PROBLEM REQUIREMENTS -> In the material below, find the line containing "Shape Of Azerbaijan" and the line containing "Polo Varsity Leather". Output those two lines and all lines between them exactly, without pictures.

Segment Start: PROVIDED ENTRIES

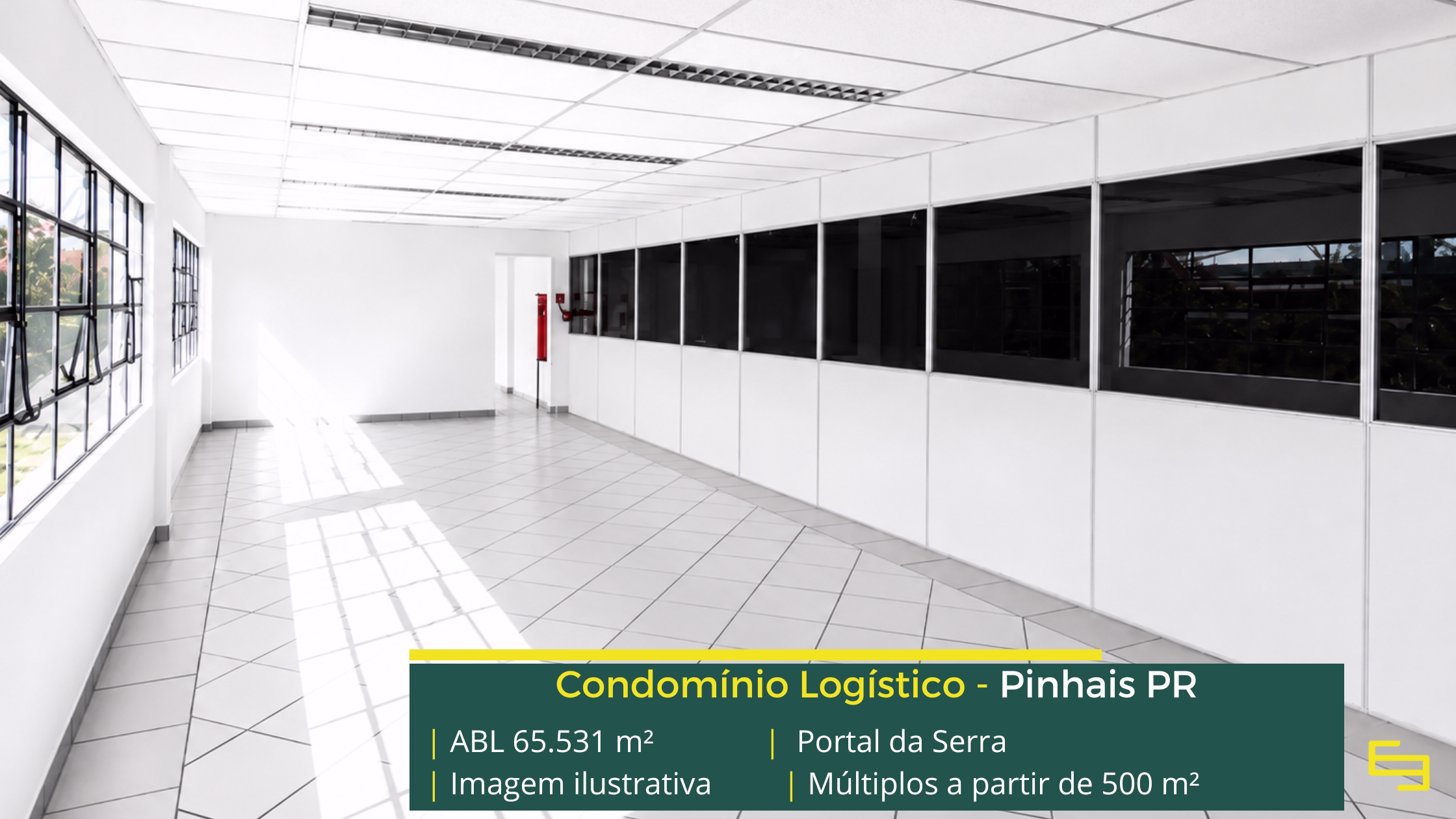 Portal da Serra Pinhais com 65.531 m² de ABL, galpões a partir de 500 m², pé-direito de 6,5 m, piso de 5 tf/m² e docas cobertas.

Segment End: PROVIDED ENTRIES
Segment Start: PROVIDED ENTRIES

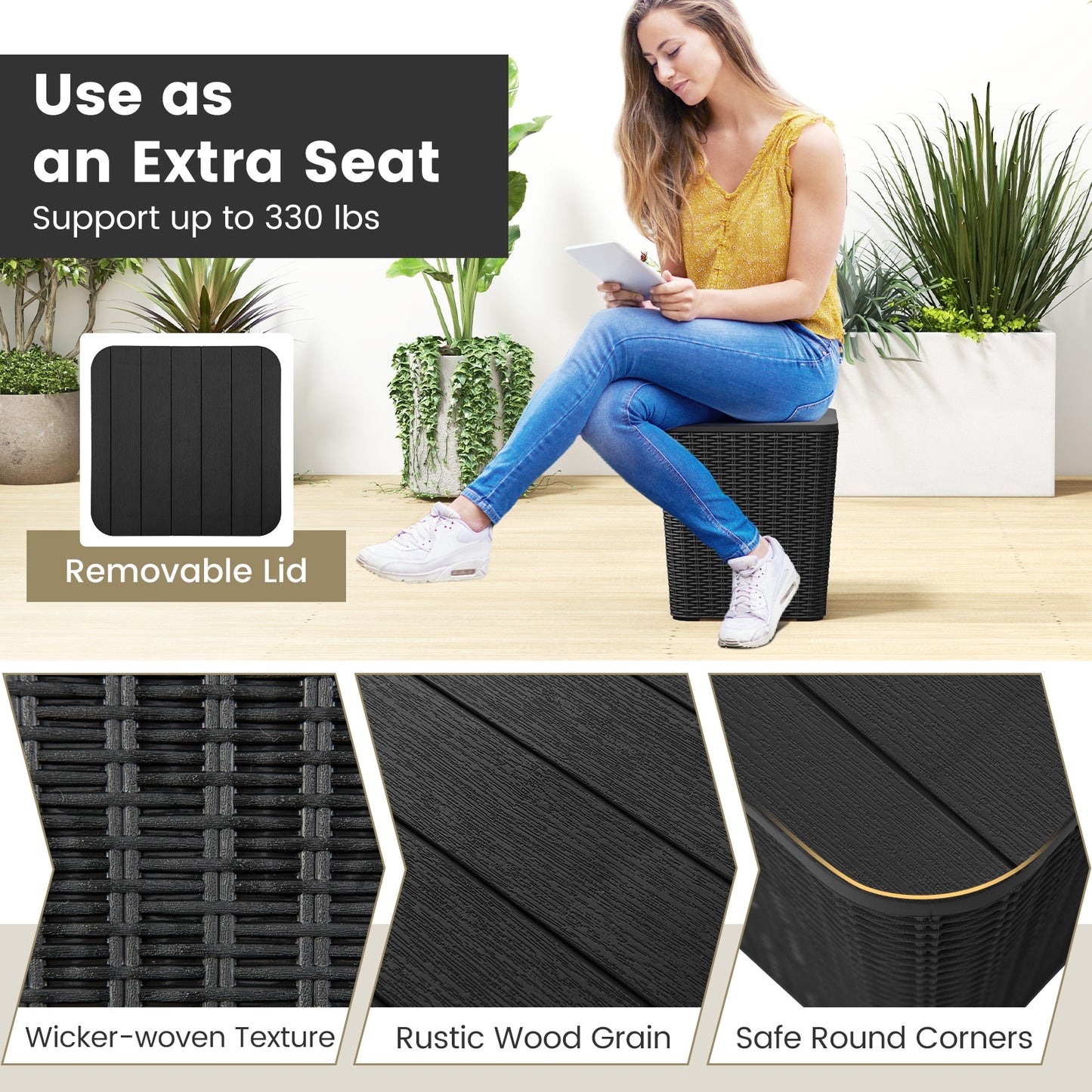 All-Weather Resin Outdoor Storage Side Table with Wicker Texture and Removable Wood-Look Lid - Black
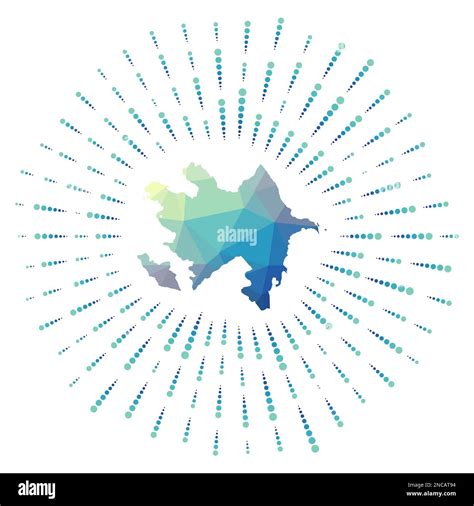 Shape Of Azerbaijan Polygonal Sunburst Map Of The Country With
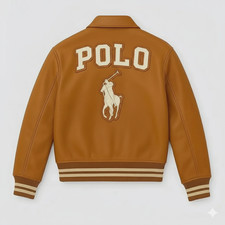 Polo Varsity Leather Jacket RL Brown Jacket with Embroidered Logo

Segment End: PROVIDED ENTRIES

ANSWER SECTION ->
 Shape Of Azerbaijan Polygonal Sunburst Map Of The Country With
 Polo Varsity Leather Jacket RL Brown Jacket with Embroidered Logo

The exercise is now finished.